My dads first piece of advice to me when I got my drivers license (one as a youngster I stupidly ignored) when driving act every moment as if every car around you is about to do something incredibly stupid
I really don't think we've (at least the US) wrestled with the moral implications of modern driving. The problem with any system at scale is that cost and responsibility become diffuse while benefit becomes concentrated, and the underlying costs become so baked into the baseline that anything that tries to shift the calculus comes across as "taking."
But you're absolutely right: even when used *exactly as intended* a car is a machine that internalizes benefit to the few at the intentional expense of the many, and that alone justifies a very heavy hand of regulation. But it should also imply a very strong commitment to individual responsibility to both find more ways to bear one's own cost and to mitigate it further, and we just don't have a strong culture of that, unfortunately. Which is horrible: in virtually all cases of vehicular violence, the full moral burden of the act falls on the driver, and I think if we really got that we'd jump at the opportunity to take a "safe systems" approach rather than just shrugging and writing 40k people a year (plus many more life changing injuries) as "the cost of *my personal individual* freedom, paid for by those around me."
Great title and reflection. I’m struck by the fact that in other countries I’ve traveled, Spain and England come to mind, drivers seem more ready to stop at a moment’s notice for pedestrians. I’m sure someone has tried to figure out why, particularly given both have roundabouts that are a sort of equivalent of right on red, but I suspect it has to do with some mixture of design, driver training and penalties, and the likelihood that the driver too is often a pedestrian.
I think drivers being pedestrians too would be very helpful. Many adults I know hardly ever walk anywhere, certainly not to run their errands or after dark.

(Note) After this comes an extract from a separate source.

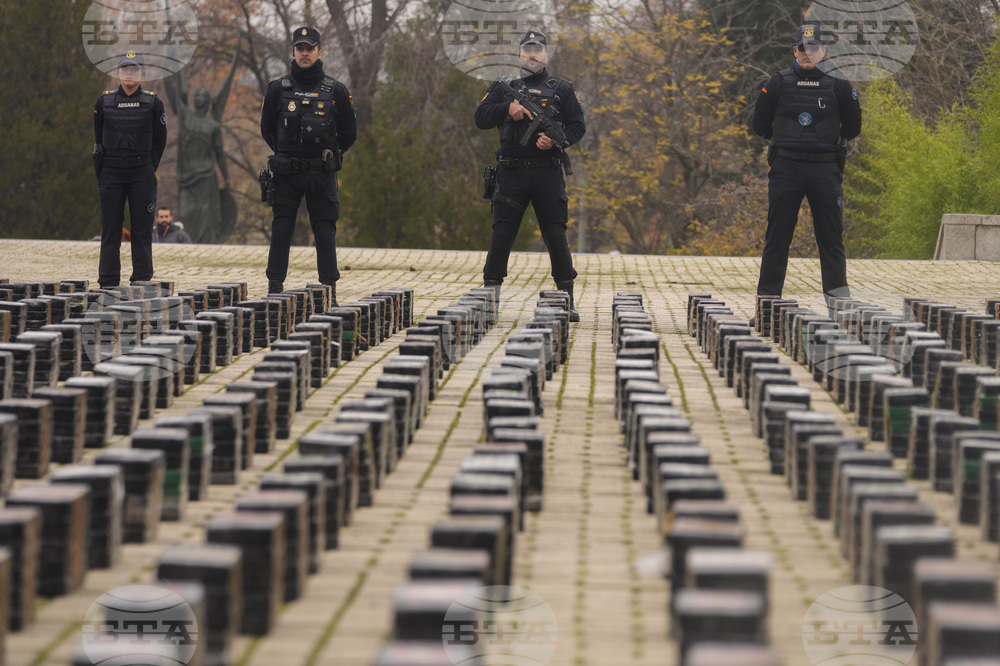 Испания обяви разбиването на мрежа за трафик на кокаин, свързан с "Балканския картел"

I agree with this. I live in a city and regularly walk in the neighborhood. I’ve almost been hit many times, especially when crossing alleyways and on certain corners. As a result, I’m much more mindful as a driver in those same situations.
I more or less agree, but it also implies a sense of realism in the making of the rules. There are corners where the are NEVER any pedestrians and you CAN see if there is oncoming traffic. On THAT corner right on red is OK. If there are many such corners, right on red unless otherwise marked (or vice versa) makes sense.

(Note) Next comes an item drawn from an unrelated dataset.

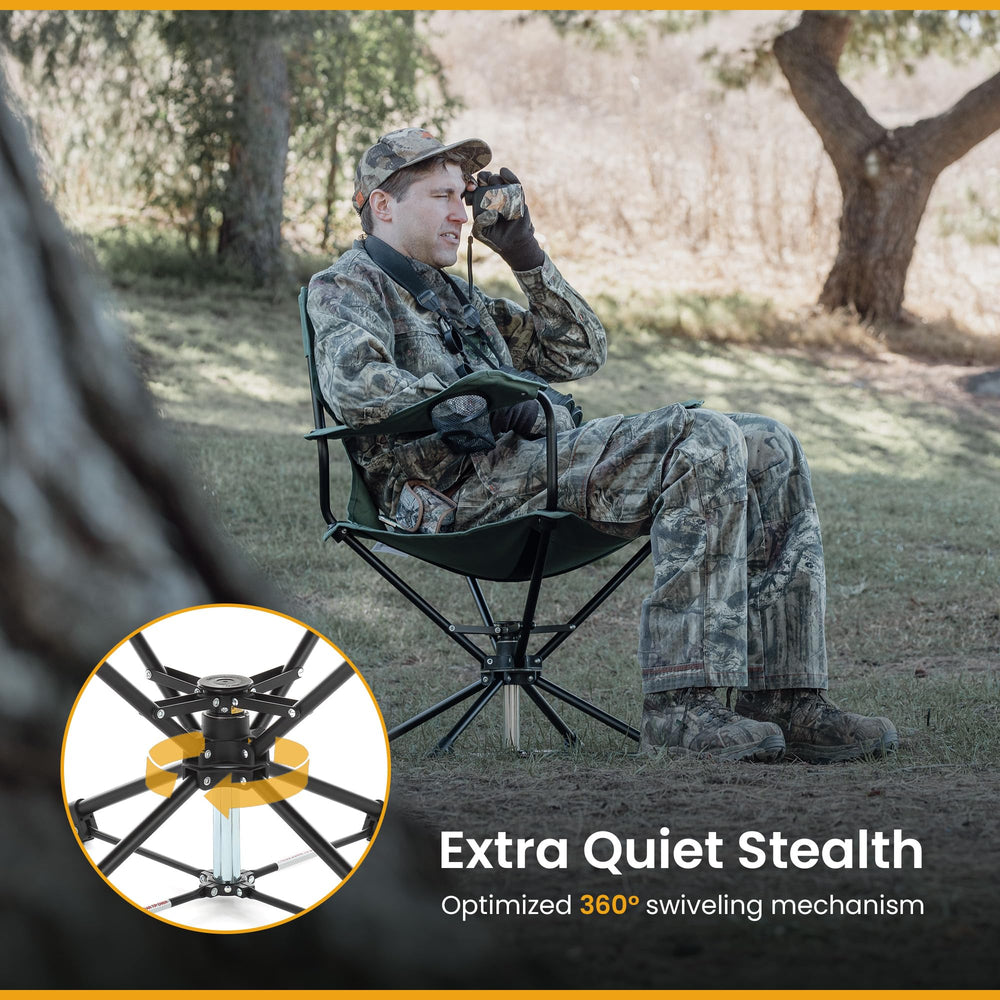 ARROWHEAD OUTDOOR carry bag with sling enables easy transport between blinds.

I'm really thinking of Colombia where the speed limits are ridiculously low on major highways, they do not provide useful advice about where slower speeds are actually desirable. The laws are and should be ignored. I think WDC does it right; the only problem is there are not enough speed cameras to deter violators.
Tell your priest that a different version of the joke has the man say, "Muriel, you know we haven' t been married 40 years," and she says "And you know you were not wearing your seat belt."

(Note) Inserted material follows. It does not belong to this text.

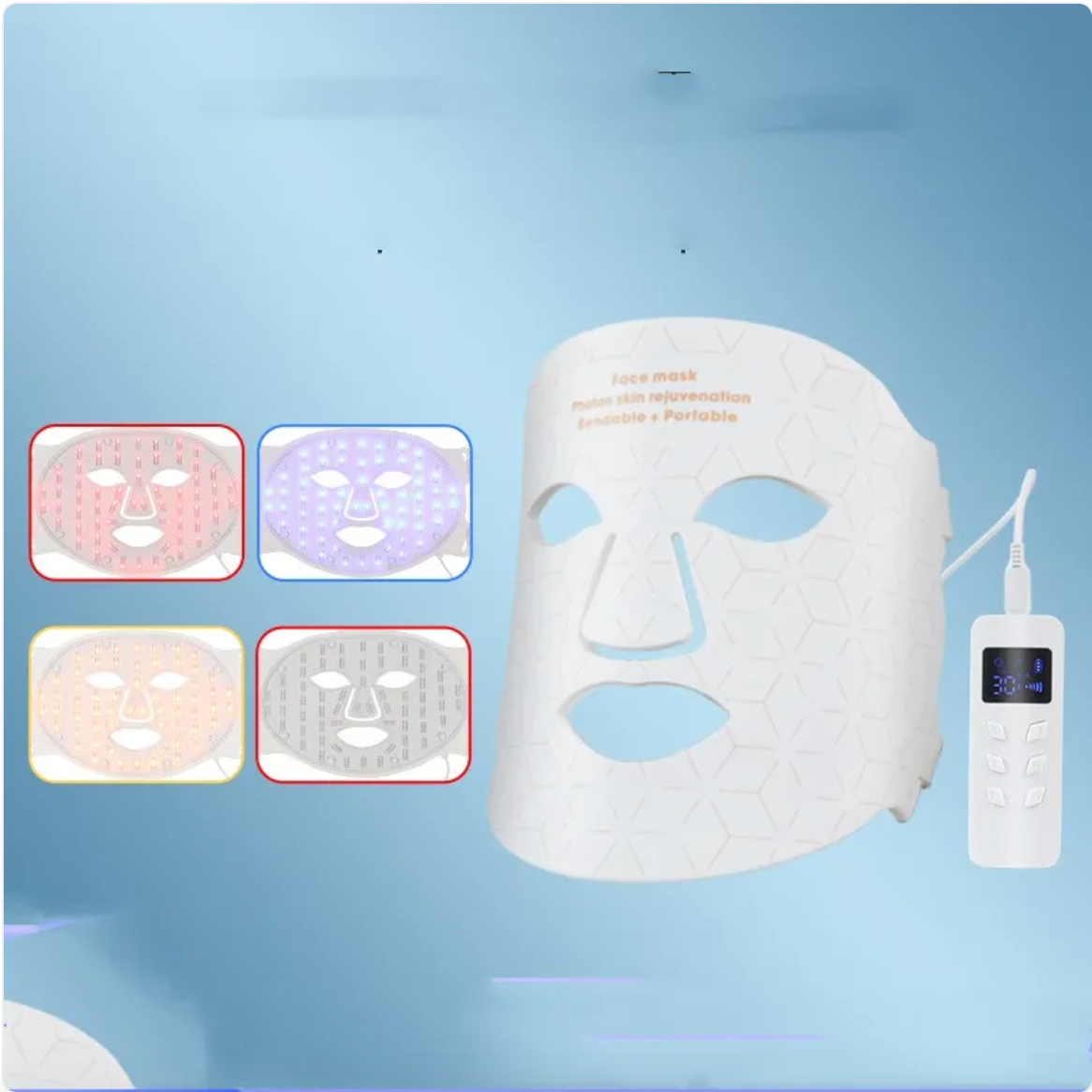 Radiant Skin Photon Therapy Mask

This dovetails with a sign I saw on the highway today, reminding us all “Don’t Drive Drowsy”.
And I thought to myself that, of course, that’s the ideal! But if you are tired and need to get somewhere, what else are you going to do? It’s so terribly unsafe, but as a parent I have driven tired, trying to get my kids home, SO MANY times. Because there’s usually no other option - even trying to take a nap in the car won’t work if you have kids going “hey mom? Mom? Mom!”
And of course I would never operate any other heavy machinery in that state. But we’ve put ourselves into an environment where we CAN’T treat cars with the respect and safe handling they deserve.
Good piece, good analogy. I have a more charitable interpretation of your pastor's joke, or rather the reaction to it. As I get older, I realize how common drunk driving actually is. When I was a kid it was almost unimaginable to me, obviously no one would ever do that, right? But NHTSA says 31% of vehicle fatalities involve alcohol impairment.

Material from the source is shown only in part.